A U.S. government advisory board is urging action to address the concerning rise of teenagers engaging in underground cybercrime activities. The Department of Homeland Security’s Cyber Safety Review Board has recommended that Congress consider funding prevention programs aimed at steering young individuals away from illegal hacking and online crimes. The focus comes in the wake of an investigation into Lapsus$, a teenage hacking group known for its attacks on major companies like Microsoft and Nvidia.
Experts point out that many parents might not suspect their children’s involvement in cybercrime due to the normalcy of computer and smartphone use, while a lack of education about online legality makes young people vulnerable to the allure of criminal hacking.
Statistics show that a significant portion of European youths aged 16 to 19 have reported engaging in criminal behavior online, according to a survey funded by the European Union. The survey, conducted among 8,000 young people across nine European countries, indicates that about 48% of respondents participated in online criminal activities between the summers of 2020 and 2021.

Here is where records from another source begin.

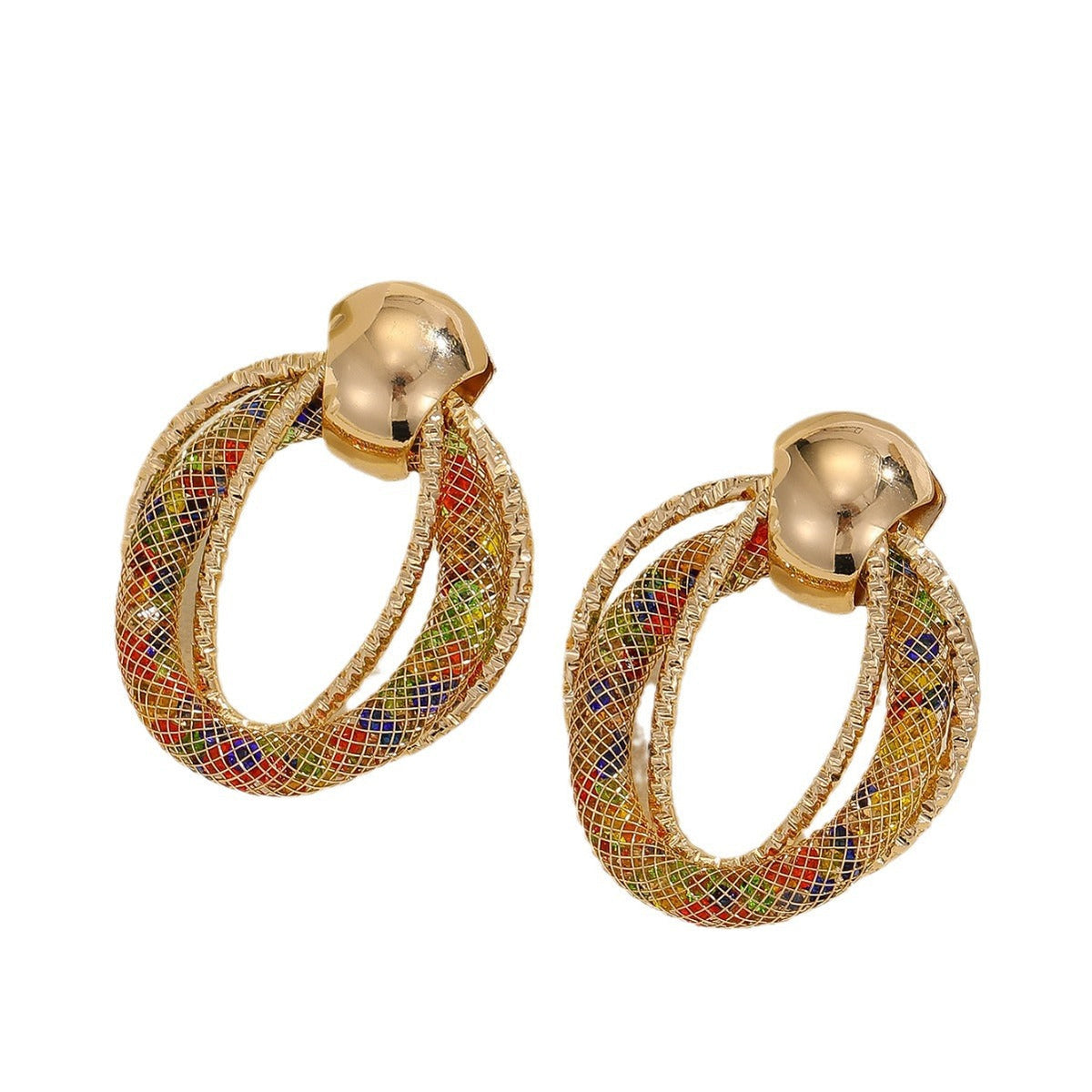 Boucles d'oreilles pendantes pour femme avec design en filet coloré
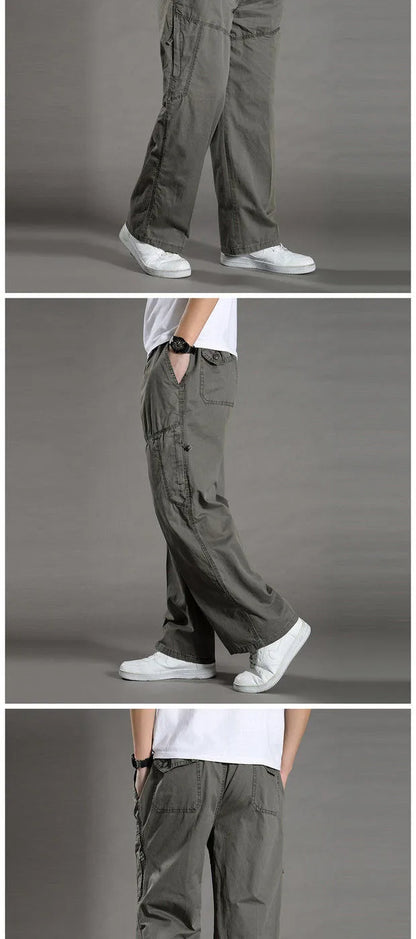 95%Cotton Men's Cargo Pants Summer Work Wear Spring New In Large Size Casual Climbing Joggers Sweatpants Hombre Autumn Trousers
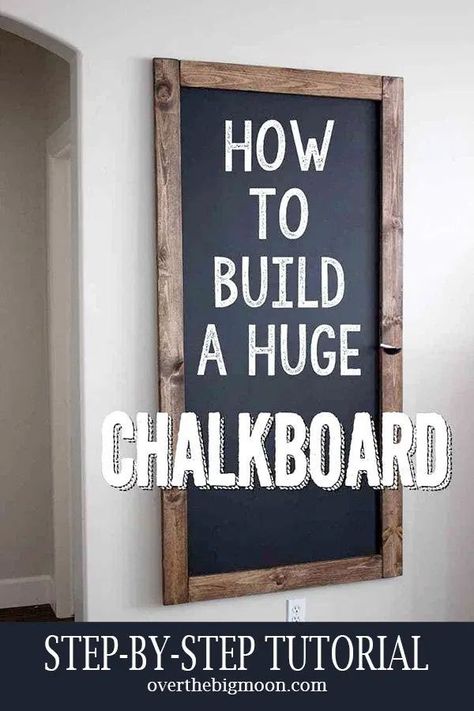 Giant Chalkboard Diy, Decorating A Large Kitchen Wall, Minimalist Kitchen Wall Decor, Family Chalkboard Ideas, Decorative Chalkboard Ideas, Chalk Wall Kitchen, Kitchen Chalkboard Ideas, Playroom Kitchen, Papan Menu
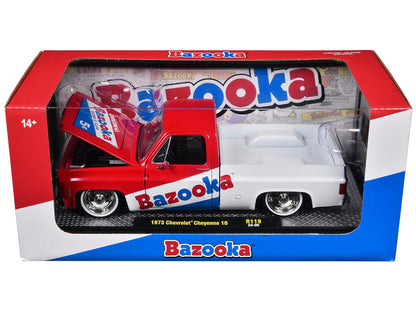 1973 Chevrolet Cheyenne 10 Pickup Truck Red and Blue with White Stripe "Bazooka Bubble Gum" Limited Edition to 6250 pieces Worldwide 1/24 Diecast Car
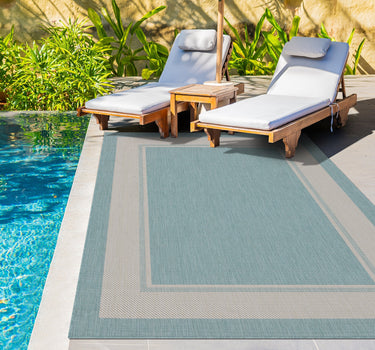 Outdoor Rugs Portobello Collection Aqua Cream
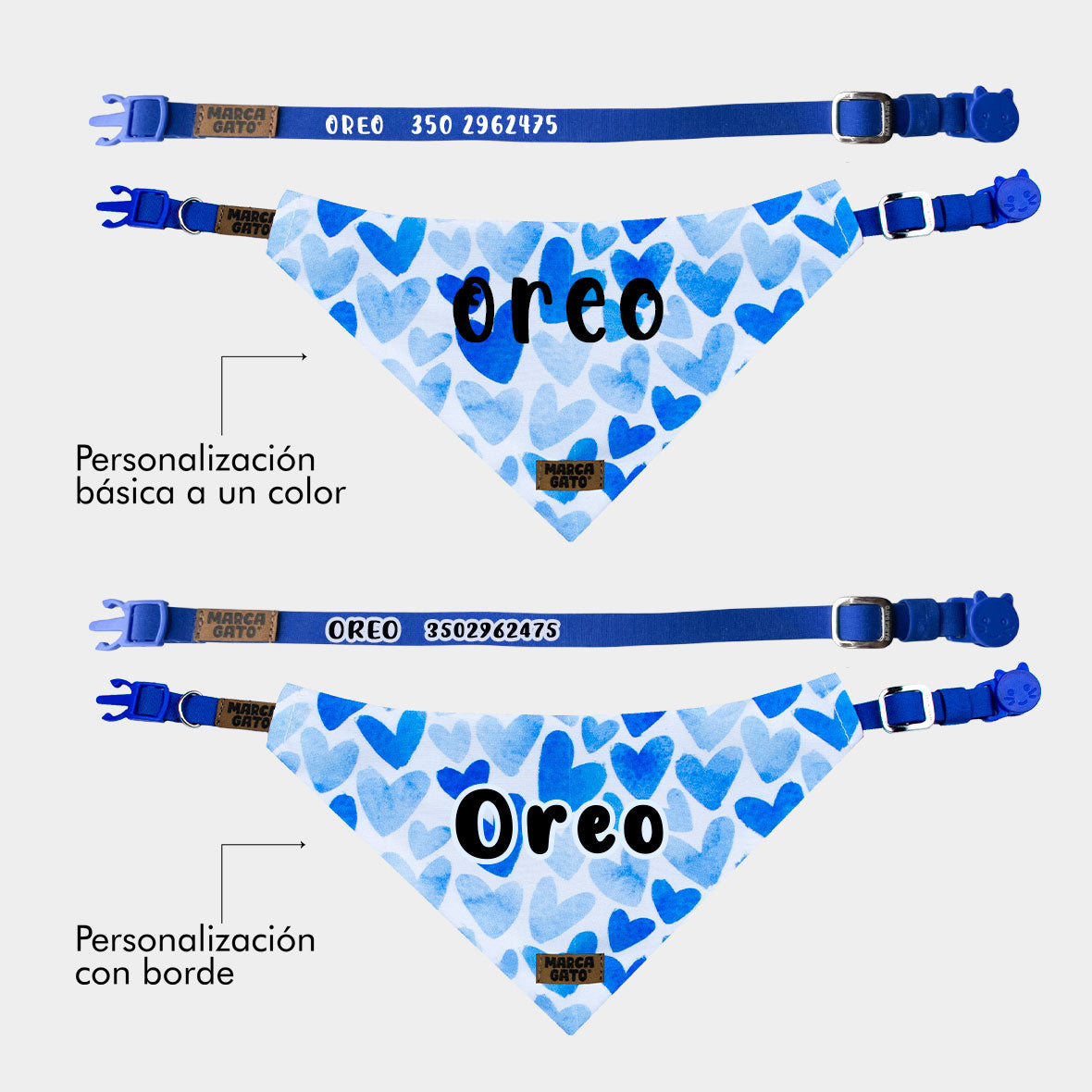Pañoleta personalizada para gatos - pañoleta cian 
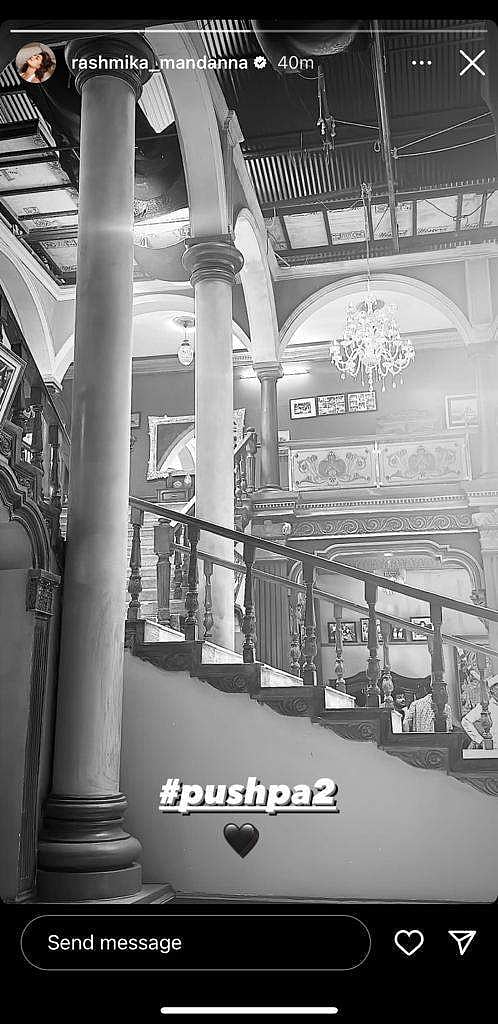 A screengrab of Rashmika's Instagram story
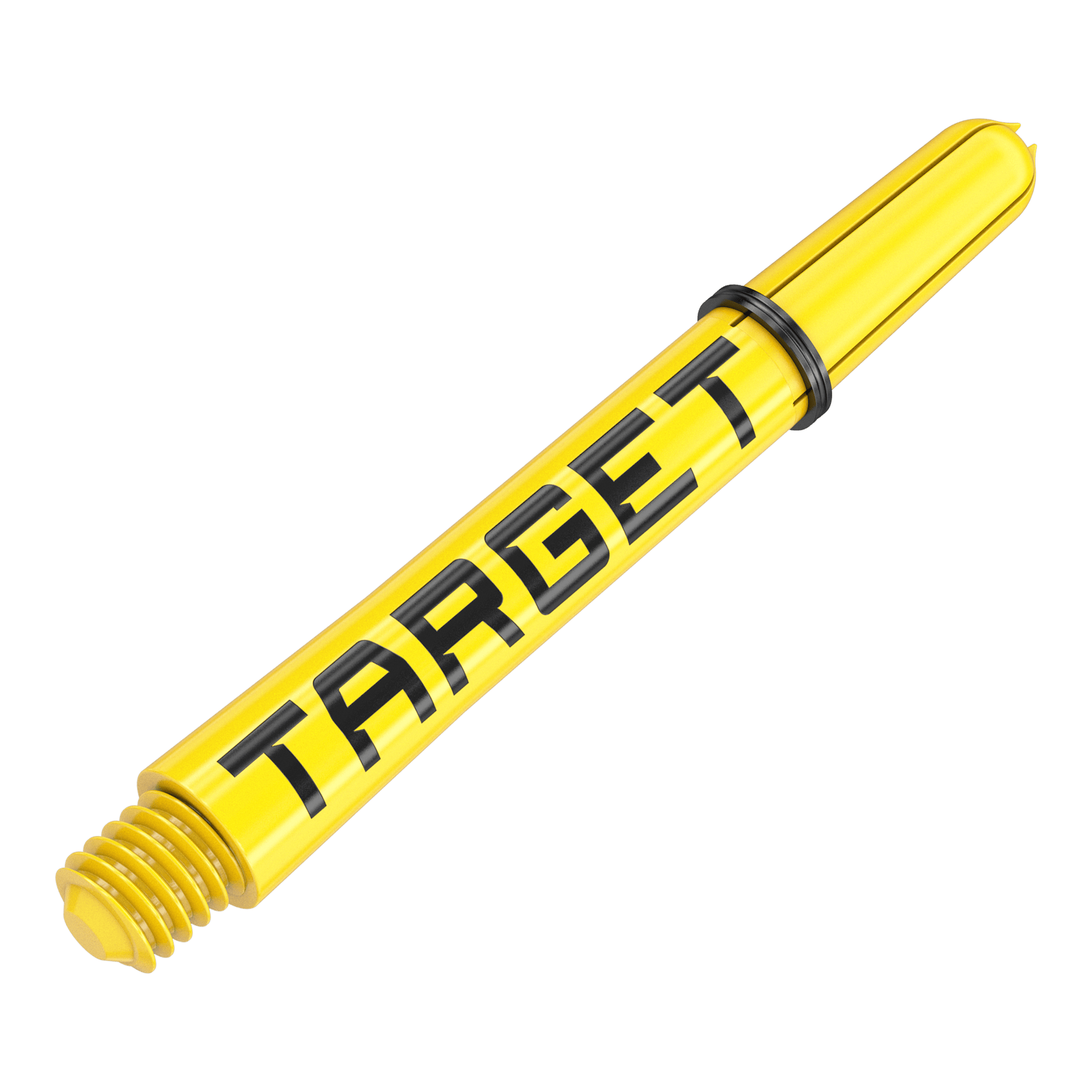 Násadky Target Pro Grip TAG - 3 sady - žluté Dies ist ein gelber Dart-Schaft mit dem Schriftzug "TARGET". Der Schaft hat ein schwarzes Gummiband und ein Schraubgewinde am Ende.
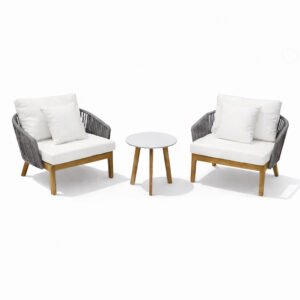 Outdoor sofa set with solid teak wood frame and weather-resistant rope weaving, including two cushioned lounge chairs and a round side table.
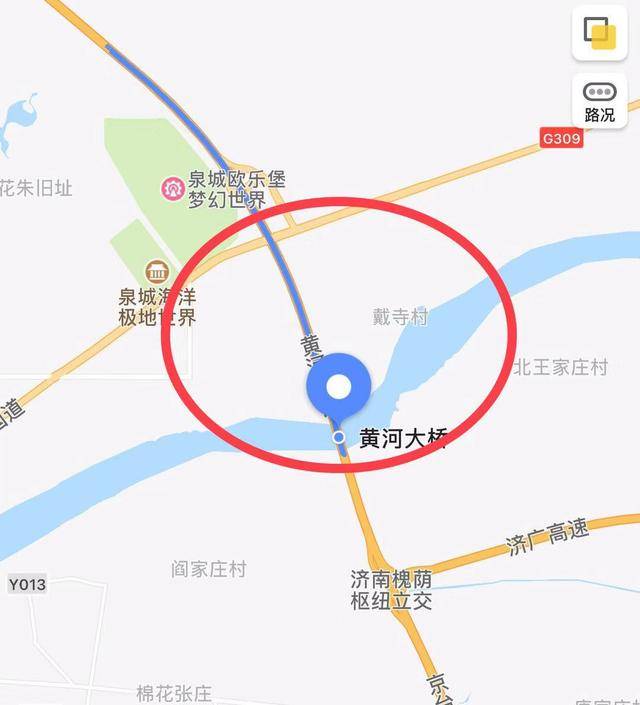 南岸于济南市槐荫区杨庄险工跨越黄河大堤,是一座同时连通京台高速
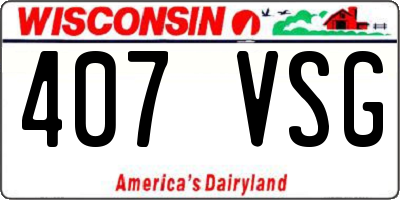 WI license plate 407VSG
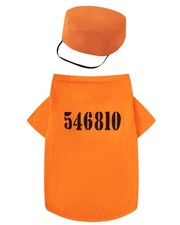 Pet Halloween Costume Dog Prisoner Costumes Role Play Prison Large, Orange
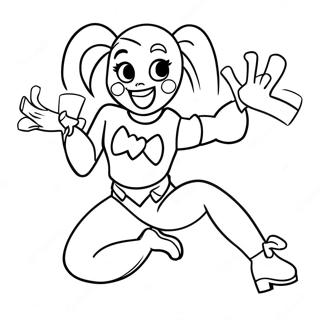 Harley Quinn In A Playful Pose Coloring Page 48864-39002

While programs aimed at juvenile cybercrime prevention have emerged in Europe, the U.S. is being urged to follow suit. These initiatives focus on educating young people about cybercrime and rehabilitating youth cybercriminals to reduce recidivism. Dr. Mary Aiken, co-author of an EU-funded study, emphasizes the need for multi-pronged efforts to address this concerning issue.
Despite these recommendations, it remains uncertain whether U.S. lawmakers will take up the board’s proposals and which federal agency might champion the cause. Dr. Aiken has been advocating for action in this area, having engaged with officials at the White House, the Department of Justice, and DHS to discuss her research findings.
She emphasizes the necessity of a coordinated approach to lead such initiatives and expand programs to include addressing “gateway” online behaviors that could lead to more serious criminal activities. The rise of teen involvement in cybercrime highlights the importance of comprehensive prevention measures and education to safeguard against this growing trend.